(1.) The point arising in this second appeal is whether the appellants (plaintiffs) are precluded by Section 43 of the Civil Procedure Code from bringing this suit by reason of their having omitted to include the present claim in their former suit, Original Suit No. 490 of 1887, assuming, as is apparently found by both the Lower Courts, that at the institution of the former suit they were aware that the land now sued for was in the possession of the present defendant and that the same formed part of their father's estate. The first suit was brought by these plaintiffs for the recovery of some other land which was in the possession of the defendant in that suit and the same was awarded to them by the decree of the Appellate Court therein, which was confirmed by the High Court in second appeal on the 13 August 1890 (Exhibit B).

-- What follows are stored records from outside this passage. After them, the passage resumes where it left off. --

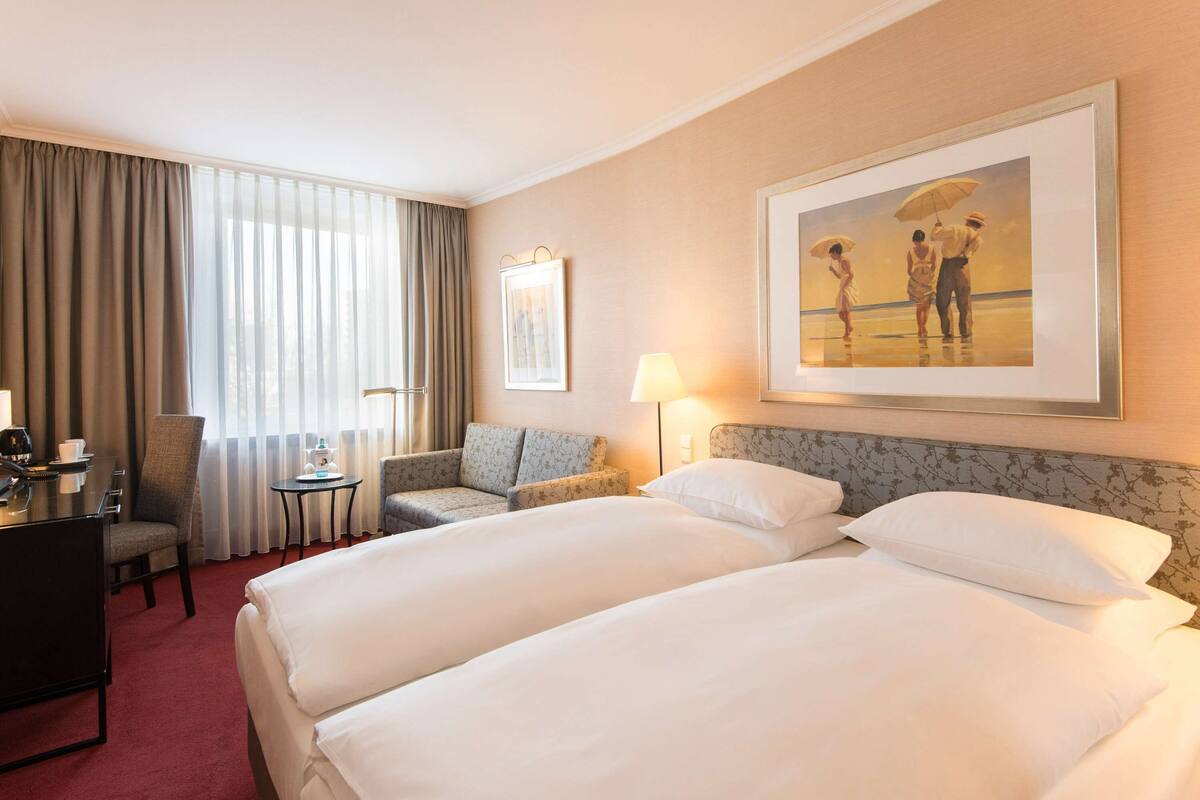 A hotel room with two beds, a desk, a chair, a small table, and a painting on the wall.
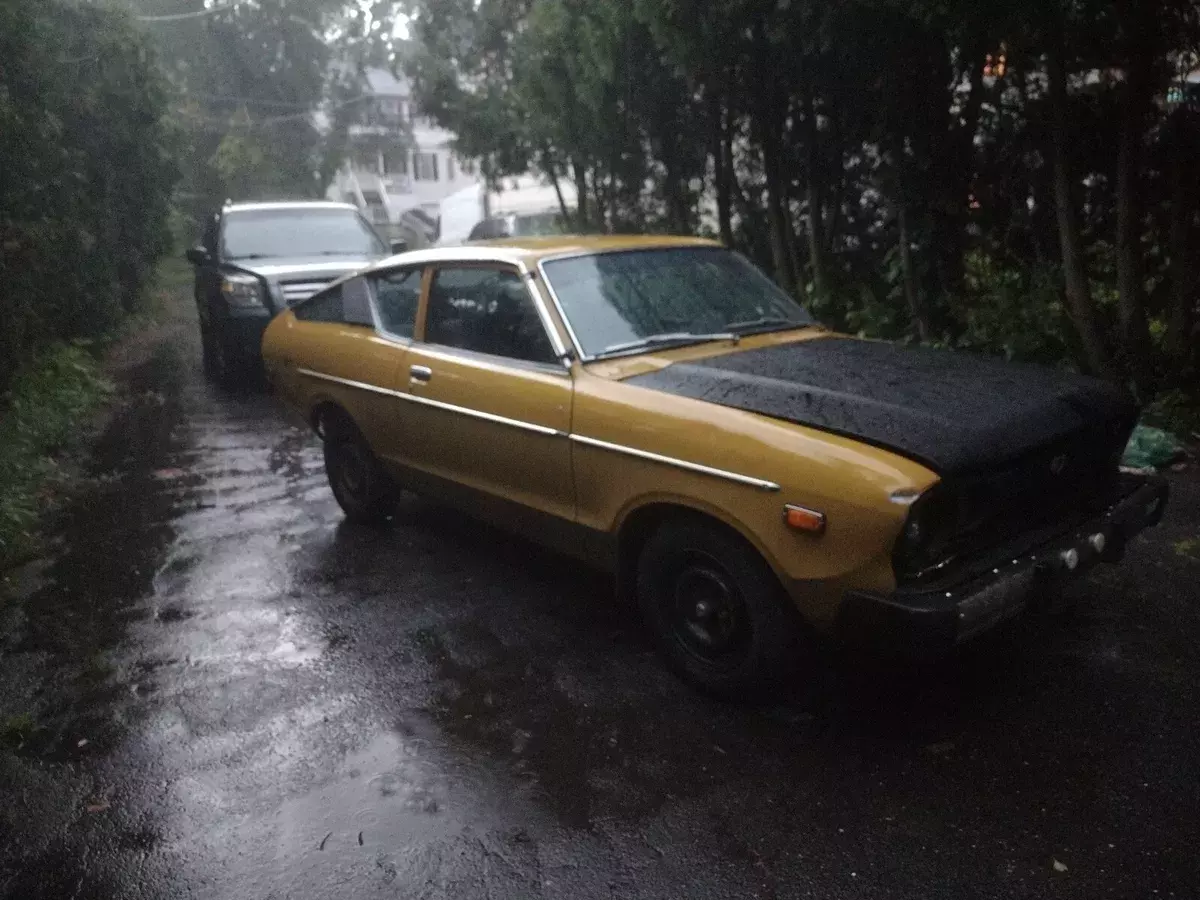 1979 datsun b-210 hatchback yellow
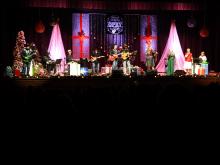Stage decorated with trees and presents for Christmas with a band of musicians on stage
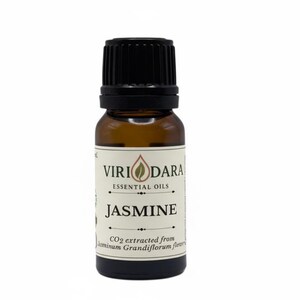 May include: A small amber glass bottle of jasmine essential oil with a black cap. The label reads "Viri Dara Essential Oils" and "Jasmine". The bottom of the label states "CO2 extracted from Jasminum Grandiflorum flowers".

(2.) The present suit was brought in 1896 for the recovery from the defendant herein, of the land mentioned in Schedule A to the plaint which is different from the land mentioned in Schedule B, the subject-matter of the former suit. The plaintiffs ground of title in both the suits is one and the same, i.e., that as the heirs of their father they were entitled to succeed to both the properties on the death of their mother on the 9 January 1887. The former suit was instituted against the defendant therein, by reason of his wrongfully withholding from the plaintiffs, on the death of their mother, possession of the land in Schedule B, and the present suit is brought on the defendants herein similarly withholding the land comprised in Schedule A, the defendants in both the oases having respectively come into possession of the lands comprised in Schedules B and A under separate alienations made by the mother in favour of each on a different occasion. It will thus be seen that though the ground of title is one and the same in both the suits and the cause of action in respect of both arose at the same time, viz., the date of the mother's death, yet the person who wrongfully withheld the land in Schedule B and the person who wrongfully withheld the land in Schedule A are quite different and there was no manner of combination or privity between them in respect of the lands which they severally withheld.
(3.) The words cause of action have all along been held to mean every fact which it is material to be proved to entitle the plaintiff to succeed; every fact which the defendant would have a right to traverse, and have no relation whatever to the defence, but refer entirely to the grounds set forth in the plaint as the cause of action Cooke V/s. Gill L.R. 8 C.P. 107, Shankar v. Dya Shankar L.R. 15 I.A.; Chand Kour V/s. Pertab Singh L.R. 15 I.A. 156.